I am confident that these legal texts will become important resources for you that will be consulted time and again over the years, in trial after trial. Good luck.
Eric Sigurdson
Endnotes:
[1] Ryan Wozniak, “Preserving the art of advocacy: Why we need to change how we practice law”, Advocates Journal, September 2013, p. 19.
[2] Robert Burns, Advocacy in the Era of the Vanishing Trial, Kansas Law Review, Vol. 61, Number 4, April 2013, p. 893.
[3] Jeffrey S. Leon, Rethinking how we Litigate to ensure we continue to Litigate.
[4] Committee on the Future of Civil Trial, The ‘Vanishing Trial’: The College, the Profession, the Civil Justice System, American College of Trial Lawyers, October 2004, p. 22-23.
[5] Committee on the Future of Civil Trial, The ‘Vanishing Trial’: The College, the Profession, the Civil Justice System, American College of Trial Lawyers, October 2004, p. 24-25.
[6] Pozner and Dodd, Cross-Examination: Science and Techniques (2nd ed., 2004).
[7] I would note that from my perspective, historically trial lawyers have always sought to gain some favourable testimony from their opponents during some part of a cross-examination.
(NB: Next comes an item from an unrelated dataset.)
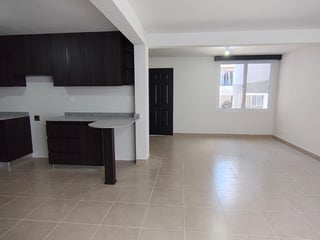 📍 CASA EN RENTA – 4 HAB. + ESTUDIO | VERDEA ARRAZOLA | KM 16.5 - 4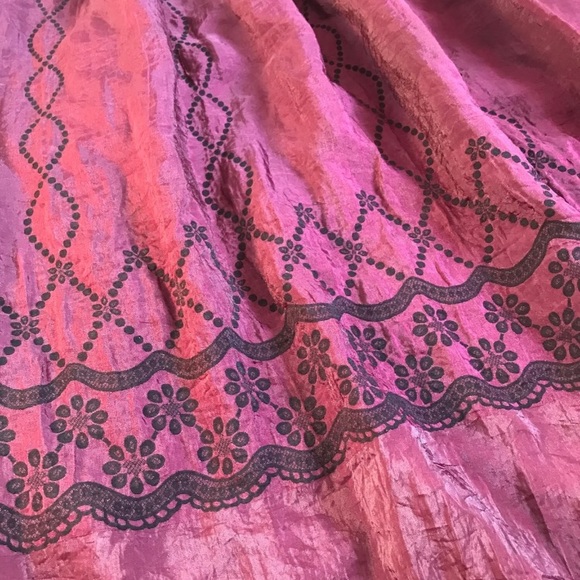 Red Dress - Picture 3 of 3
However, Pozner and Dodd’s approach or philosophy – to the extent possible in any particular case – is to always look to expose and develop the evidence (the truth of the case in line with the advocate’s trial theory and themes) through cross-examination at every opportunity, and not simply wait for their own friendly witnesses during direct examinations.
[8] Geoffrey D. E. Adair, On Trial: Advocacy Skills, Law, and Practice (1992).
[9] see Paciocco’s Law of Evidence (7th ed., 2015); and for strictly criminal law, see the authoritative classic McWilliams’ Canadian Criminal Evidence (5th ed., 2013).